The BMW Group and Eckart Witzigmann look back on the first successful culinary symposium in Vienna with over 350 participants

Munich/Vienna. “What is the significance of good, responsibly-prepared food?” On Monday in the Schönbrunn Orangery in Vienna, top-class representatives of the

gastronomy industry discussed the varied aspects of this question during several panels. Participants of the first ECKART culinary symposium then exchanged their knowledge of the producers’ market and put this knowledge into practice with selected products from all across Austria and the international Alpine region.

In his opening speech at the plenum of the Schönbrunn Orangery, Eckart Witzigmann said: “We must find appropriate answers to the questions of our time.” Wolfgang Puck and Franck Giovannini, winners of this year’s ECKART, who were honoured the previous evening, discussed the great cuisine of today with Eckart Witzigmann. “We need the avant-garde to move things forward,” was the conclusion of the high-calibre panel.

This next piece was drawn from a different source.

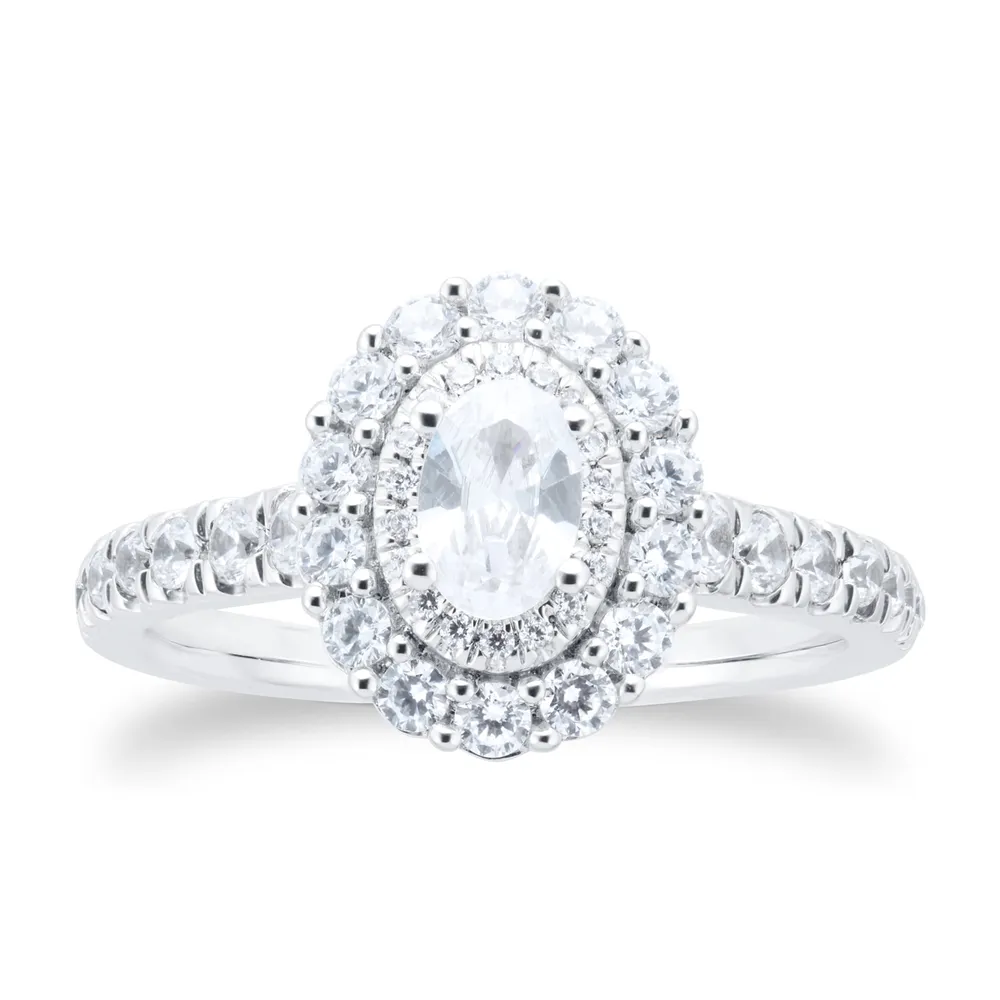 18ct White Gold Oval 1ct Diamond Double Halo Engagement Ring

“The product is the star.” Under this motto several workshops informed the audience about unique products from the Alpine region – such as the citrus variety that has been cultivated for centuries in the Schönbrunn Orangery, types of grains that are 24 million years old, a wide range of cheeses from the Alpine region and honey vintages from the last 30 years. Maximilian Schöberl, Head of Corporate and Governmental Affairs and Chief Representative of BMW AG, commented on the opening of the producers’ market: “True to our motto ‘The product is the star’, we invited food producers from all across the region. High quality, no long transport routes and sustainable production. That’s how I imagine the perfect products.”

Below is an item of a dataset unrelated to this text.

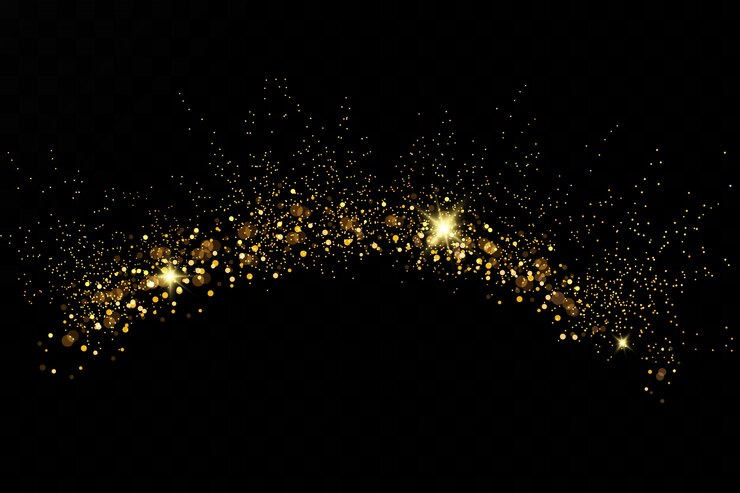 Vector banner with yellow dust. light effect. dust particles flicker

In the final discussion of the ECKART culinary symposium #1, prominent figures presented their ideas on what the kitchen of the future will look like. Rainer Nowak, Editor-in-Chief of Die Presse, drew the following conclusion: “The kitchen of the future should be more educational, healthier, more regional and more feminine. Anna Haumer, top chef from Vienna, sees a concrete task for the upscale gastronomy industry of the future: “The kitchen has an educational task. Cooking with children is important so that they know how and which ingredients are used to prepare what is on the table. Heinz Reitbauer from Steirereck presented his vision of star cuisine: “It is important to create your own profile. We want to enchant guests and tell stories. We have an important part to play in the cultural landscape.”

The topic of communal dining was also examined in detail. Nowadays, large kitchens have to strike a balance between the obligation to provide and responsible nutrition, according to the tenor of the discussion. “Good company catering is an image factor,” said Maximilian Schöberl. “We offer our employees the same high standards all over the world. We focus on a regional approach and open kitchens. And we want to use our information campaigns to raise employees’ awareness of good food and to also share this knowledge with their families.”

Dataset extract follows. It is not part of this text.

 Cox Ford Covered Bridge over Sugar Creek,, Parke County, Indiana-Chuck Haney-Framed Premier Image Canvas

Alois Adlberger, head of BMW Group Food Service Steyr, adds: “Measured by sales, the BMW Group is one of the ten largest companies in Austria and has an annual purchasing volume of 1.8 billion euros from domestic suppliers. Our gastronomy at the Steyr plant makes an important contribution to this. We already procure more than 80% of our food from the region around the plant. Quality and freshness are of course directly related to taste. True to the title of the discussion “Class versus mass”, Adlberger adds: “Our focus is on enjoyment. That’s what we learn from top gastronomy.”